Storyboard Artist Alex Hillkurtz has been working in the industry since 1993. He has worked on a wide variety of films during his career including the last four of Cameron’s films. We sat down for a two-part chat to learn more about his background and his variety of projects.
Is it true that you were born in England? When did you come to the States? Are you an American citizen?
I was born in England. My parents are British but we moved to Northern California when I was a baby, so I’ve grown up here. I quickly learned to speak American when teased in kindergarten about my British accent. I now have dual citizenship, so I feel like Jason Bourne when traveling with more than one passport. I’m sure having my feet planted on both sides of the Atlantic helps me to see things from different perspectives, but I can fluctuate between feeling at home on either continent, to feeling a complete outsider no matter where I call home.
How old were you when you knew you had some artistic talent?
I don’t remember a time when I wasn’t drawing. I was always that kid in the back of the class drawing space ships and dragons. I think it’s served me well.
Did either of your parents have that skill?
My mom does really nice pen and ink illustrations, and her father before her did some beautiful sketches during his time in WWII. I feel privileged to be the first generation in my family to actually make a living with art.
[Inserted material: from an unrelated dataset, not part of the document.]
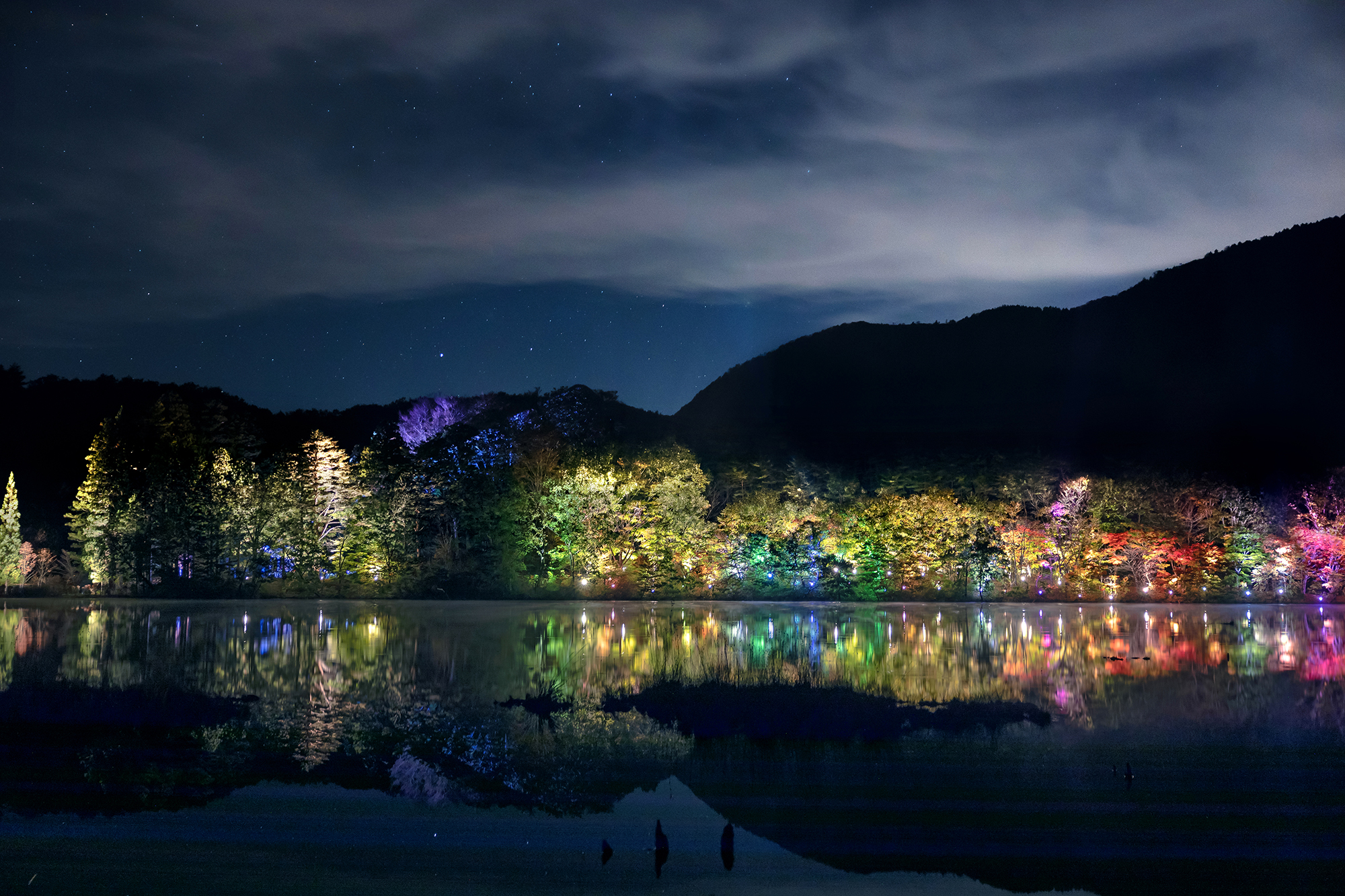 観音沼森林公園 ライトアップ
How did that early talent manifest itself? What types of things were you drawn to?
I would fill reams of paper with drawings of dinosaurs, that was my early training. Maybe I should’ve spent my childhood drawing earnest and off-beat romantic characters instead. I was never a real comic book fan (though I know a lot of storyboard guys come from that tradition), but I was always a movie fan. My parents would take me to revival houses to see things before I could understand what I was seeing – Wages of Fear, Creature From the Black Lagoon, 2001: A Space Odyssey. And I was always drawing, just dumping my imagination on the page. Later for me came painting and watercolors.
Did you go to a trade school specifically for art, or did you go to a traditional University?
I went to Chapman University through their film program. That’s where I learned how to make movies – directing, cinematography, lighting, editing, sound, the whole thing. I came out of there with a good grasp on what it takes to make a film.
How did you get your first industry job as a storyboard artist?
I was a production assistant for a while after graduation and was shocked that no one wanted to hire me as a director! It was a pretty rough awakening after film school. I knew I could draw, so when I was working on Phantasm 3, I asked director Don Coscarelli if I could do some storyboarding, and he let me have a crack at a few sequences. I was in heaven. I got my first screen credit as a storyboard artist on that film, a big moment for me. I figure it was a win-win, because they got boards for a PA rate. From there I just started telling people that’s what I did, and some of them actually believed me.
Was working in film something you’ve always wanted to do?
When I was real little I wanted to be a paleontologist, I wanted to dig up dinosaur bones in exotic lands. Then I saw Star Wars. I think half the people in the industry today trace their spark back to that moment in 1977. But it was the first time that a film aired “making of” programs on TV, and I could see that these magical things called movies were made by mere mortals. I got my hands on my dad’s Super-8 camera and suddenly my room was my movie studio, the back yard was an alien jungle planet. I made stop-motion comedies, spaceship battles, jungle dinosaur adventures, clay-mation spacemen on a paper mache moonscape…
Little did you know, the movie that sparked your love of film was produced by your future Father-In-Law, Gary Kurtz! Some of your credits are under Alex Hill and others are listed as Alex Hillkurtz. Why the two different names?
My wife (ed. Tiffany Hillkurtz, an esteemed film editor and daughter of producer Gary Kurtz) and I combined our names when we got married. I’m a Hill, she’s a Kurtz. We thought it would be a cool thing to do and much better than a hyphen. The only debate was weather to go with Hillkurtz or Kurtzhill, or some scramble like Kilohertz. It’s fun to see the reactions of friends from high school or college who knew me then.
As an X-Files fan, I noticed you worked on the series back in 1999. What did you take away from that experience?
X-Files was a real eye-opener for me. Those guys worked so hard to achieve so much in so little time. In a lot of ways it felt like I was back in film school with a tight crew doing their best to achieve greatness. It was also when I met director Rob Bowman who was really open to suggestions. In our first meeting – he was filming an upcoming episode, so we would chat between takes – he treated me like a fellow filmmaker. He’d give me notes, but also wanted my take on things, and I felt comfortable enough to give it. That was also the same year I worked on Almost Famous, so suddenly I found myself working with directors who were secure enough to genuinely invite collaboration.
Speaking of that. That was your first project with Cameron. How did Almost Famous come to your attention?
I had worked with Art Director Clayton Hartley on a couple things, so he brought me on to do set illustrations. It was there that I met Clay Griffith and they introduced me to Cameron and thought there might be a few sequences that storyboards would be useful for. Or maybe they just liked that I was always playing a lot of Peter Gabriel in the office.